Eines sollte klar sein: Die starke Polarisierung sowohl innerhalb der venezolanischen Gesellschaft als auch in der Debatte über die Beurteilung Venezuelas wird in nächster Zeit wohl kaum abnehmen. Gerade erst sind zwei für gewöhnlich viel beachtete Studien mit völlig gegensätzlichen Ergebnissen erschienen. Während die US-amerikanische Organisation Freedom House in ihrem am 17. Januar veröffentlichten Jahresbericht "Freedom in the World", Venezuela mit Russland auf eine Stufe stellt und beide Länder als "eindeutig Richtung Autoritarismus fortschreitend" ansieht, scheint die venezolanische Bevölkerung selbst dies völlig anders zu sehen. Bei der Ende letzten Jahres erschienenen repräsentativen Erhebung des chilenischen Umfrageinstitutes Latinobarómetro, welches jährlich den Zustand der lateinamerikanischen Demokratien zu messen versucht, erzielte Venezuela - wie bereits im Vorjahr - äußerst gute Ergebnisse. So erhielt das Land sowohl bei der Frage ob Demokratie jeglicher anderen Regierungsform vorzuziehen sei als auch bei der Bewertung der real existierenden Demokratie im eigenen Land jeweils den höchsten Wert nach Uruguay. Laut der Studie ist der Prozentsatz der BürgerInnen, die mit der Demokratie in ihrem Land zufrieden sind, seit 1998 - der erstmaligen Wahl Hugo Chávez' - in keinem anderen lateinamerikanischen Land stärker gestiegen als in Venezuela (von 32 auf 57 Prozent). Auch das zeitlich befristete Regieren per Dekret wird wohl nichts an diesen Werten ändern. Chávez wird voraussichtlich nichts beschließen, was nicht sowieso eine Mehrheit hätte. Vor knapp zwei Monaten wurde er zudem ausdrücklich dafür gewählt, den Sozialismus des 21. Jahrhunderts voranzutreiben. Aber selbst wenn er im Sinne der Bevölkerungsmehrheit handelt, ist es bedenklich, deren Willen durch ein Bevollmächtigungsgesetz in reale Politik umzusetzen. Zumal das zu 100 Prozent von chavistas gebildete Parlament die geplanten Reformen ohnehin abnicken würde. Durch die Gewährung der Vollmachten wird darüber dort im Einzelnen allerdings nicht einmal mehr diskutiert werden.

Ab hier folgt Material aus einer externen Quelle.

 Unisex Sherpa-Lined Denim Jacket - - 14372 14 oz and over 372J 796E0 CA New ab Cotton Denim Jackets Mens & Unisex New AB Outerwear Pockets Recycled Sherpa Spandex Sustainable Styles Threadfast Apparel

Auch wenn Venezuela weit davon entfernt ist, eine Diktatur zu sein: Dass derzeit kaum Mechanismen zur Begrenzung der Macht des Präsidenten bestehen, sollte die Bevölkerungsmehrheit auch dann nicht hinnehmen, wenn dieser in ihrem Sinne entscheidet. Denn darauf, dass er dies auch 2021 noch tun wird, kann schlicht kein Verlass sein.